FOMP is in favor of this project because of the reduction in extreme levels. However we are concerned about the aesthetics of the new inflow and outflow structures and we are trying to make sure the Town of Wellesley is concerned as well. In addition we have tried to influence the design of the outflow structure to allow for the pond to be drawn down to a level that would expose weed roots to freezing in the winter. This is not a guaranteed way to kill weeds, and it is not clear that the Town would ever allow this, but we are trying to get this feature into the design so that it is at least possible.
The water level in Morses Pond is controlled
by the Department of Public Works by placing or removing ``stop-logs''
in the spillway of the dam between Morses Pond and Paintshop Pond.
The boards are placed or removed in order to address the following
-Low water to prevent home flooding of approximately 11 pond abutters.
-Low water to promote flow through the pond during the road salt season.
-Low water to prevent bank erosion on the eastern shore.
-Medium water to facilitate chestnut harvesting in spring. Chestnut harvesting only can only be done in the summer.

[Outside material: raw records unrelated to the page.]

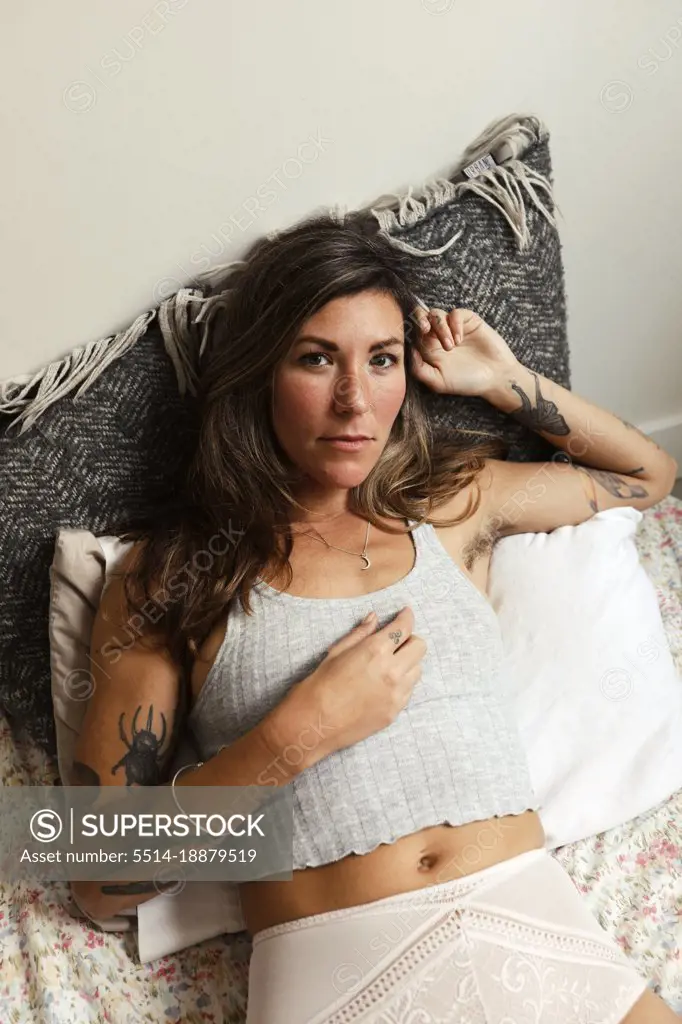 Beautiful woman with tattoos lounges in bed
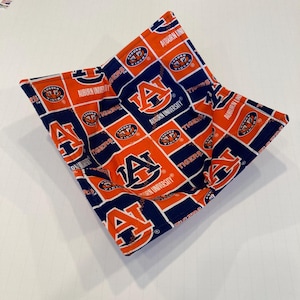 May include: A square, fabric bowl in orange and navy blue, featuring the Auburn University logo and text. The bowl is designed with a repeating pattern of the letter "A" and the words "Auburn University" and "Tigers".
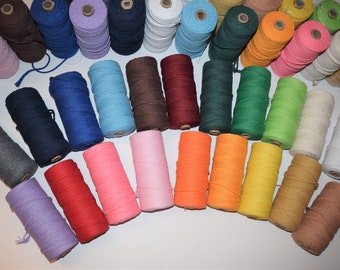 May include: A collection of spools of colorful cotton cord, including shades of blue, red, pink, orange, yellow, green, brown, and gray. The spools are arranged in a semi-circle on a white surface.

-High water to keep the wells charged.
-High water for recreation.
There are 6 removable stop-logs of 5.5 inches
each. The DPW removes all of them in winter because (2) is very
important. During the late spring and early summer, boards are
added to bring the level up
for (5) and (6), with boards added depending on rainfall to keep the level at the outflow channel roughly constant at about 6 inches below the top. (1) and (3) require that the sixth board not be added, leaving some reserve capacity in the pond for storms. On request of the FOMP chestnut harvesters, item (4), the pond level is adjusted temporarily as needed. Variations that residents see in the pond level away from the ideal are due to fluctuations in the amount
of run-off in the watershed over short times that the DPW does not try to keep up with. Usually these are within an acceptable range.